Pasadas las fiestas de fin de año, plegados los villancicos, las comparsas empiezan a programar su visión del carnaval. Se afiatan en fiestas patronales, en el Encuentro de Comadres de Uquía, en el Enero Tilcareño, en el Festival de la Chicha y de la Copla. Dejan madurar la chicha de maní, grasosa y pulsona; almacenan paquetes de talco, papel picado y serpentinas. Hacen los trámites para obtener el permiso de la Comisión Municipal de varios pueblos cercanos y organizar bailes en sus salones de usos múltiples. En pagana bendición, chayan el mojón donde han enterrado el diablito.

Y preparan sus disfraces. Los trajes de los diablos son los más complicados… si es que hay género como para confeccionarlos íntegramente en rojo; si no, basta con una cola rellena con vellones de oveja y cosida a los pantalones de todos los días, y con una máscara de las diabladas bolivianas.

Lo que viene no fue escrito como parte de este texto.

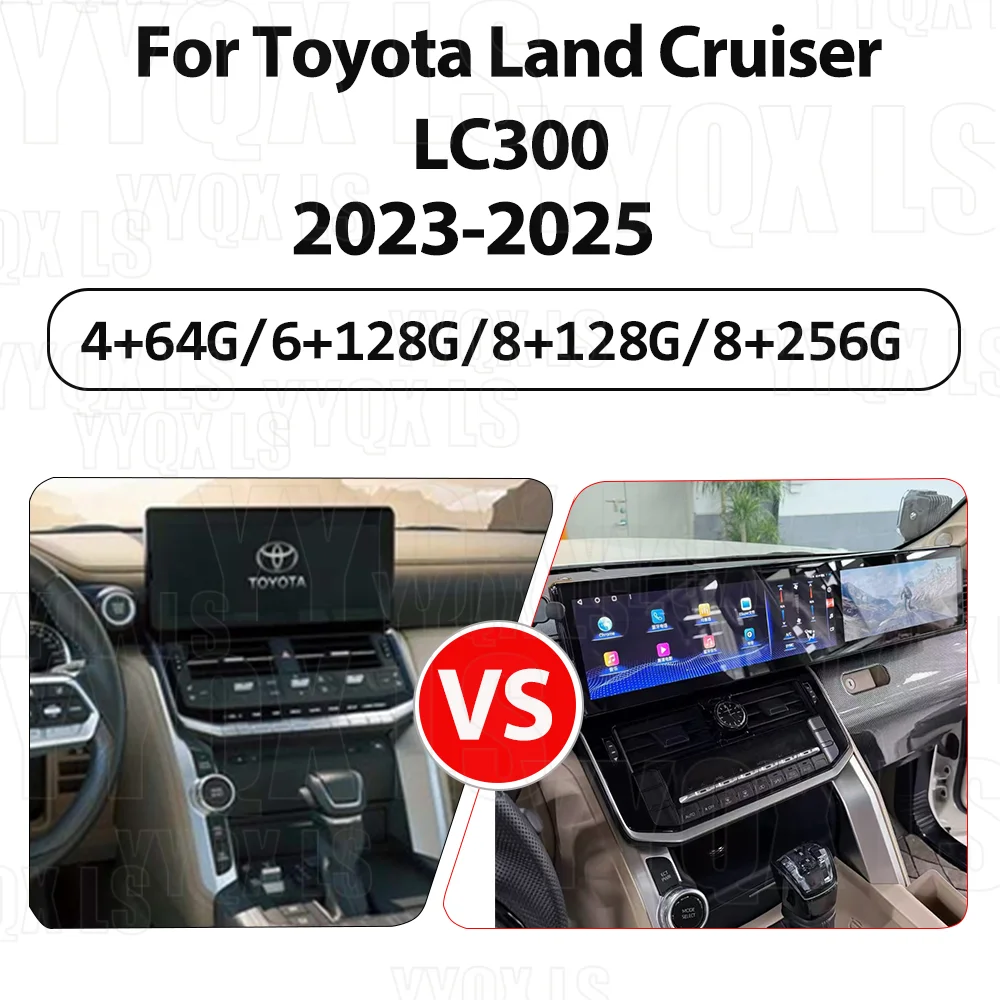 For Toyota Land Cruiser LC200 Upgrade 22 LC300 2023-2025 Multimedia Video Player GPS Android Auto Car Radio Stereo Carplay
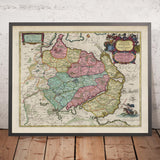Old Map of Anglia and Schwansen by Joan Blaeu, 1665: Flensburg, Schleswig, Glücksburg, Kappeln, Süderbrarup, Baltic Sea, Fjords
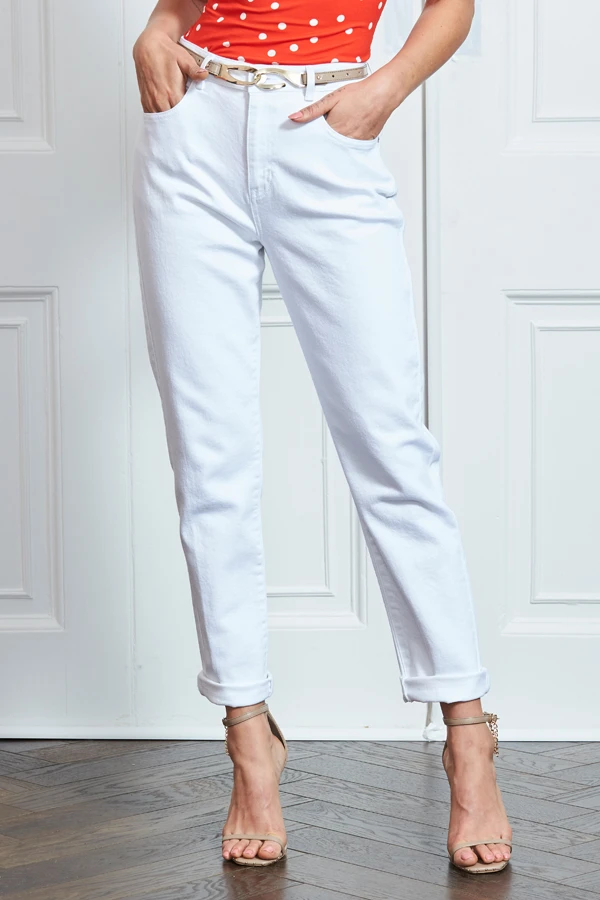 White Denim Slim Leg Mom Jeans - Image 3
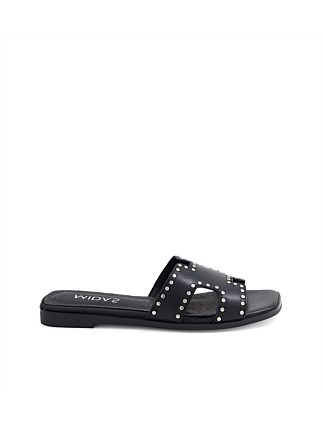 Lyenn Black Silver Leather Slides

Los disfrazados, en cambio, se conforman con menos. Una media en la cabeza con bigotes de barbas de choclo y un vidrio de anteojo a modo de parche pirata; una écuyère con vestido de arpillera y bordado en lana; una odalisca con lentejuelas de segunda mano, espejitos de cotillón y antifaz casero con flecos rescatados de una vieja colcha.

Remolinos esquineros

Llegan precedidas por un revuelo de changuitos de chuzas empapadas, envueltas en el sonsonete de un saxo desafinado, un acordeón que cada vez se salta más compases, un redoblante y un bombo que persisten por inercia. Integran en su saltarina ronda esquinera a los turistas, y a su paso dejan un ramillete de cabezas canosas.

En los pueblos más grandes, como Tilcara, el talco es apuntalado por los pomos de témpera, y ningún menor de 20 años se salva de los cachetazos embadurnados. Si el pueblito es más chico, se acercan y, con un “permisito, señor, permisito, señorita”, levantan el sombrero y lo bajan sobre un puñado de papel picado, y dejan las mejillas con estelas blancas.

Martes de carnaval

Las comparsas reviven al caer la noche, y los saxos se entonan durante los bailes en los fortines, que no es posible abandonar hasta determinada hora… o hasta que el andar oscilante certifique que se ha bebido lo suficiente. Se bailan carnavalitos y taquiraris, cumbias y ritmos de origen confuso, y las rondas se van hacinando a través del cansancio.

El sol tempranero descubrió a los machados, con el sueño despatarrado en las veredas angostas. En los rostros de barro quedan surcos de talco, y lápiz de labios en los fatigados ángulos que, horas antes, se escondieron tras una temible máscara. Antes de que se agote el martes de carnaval, un acordeón desteñido volverá a enhebrar estos pedacitos de paciencia desatada, cada vez más descoloridos bajo una llovizna calma o un sol exangüe.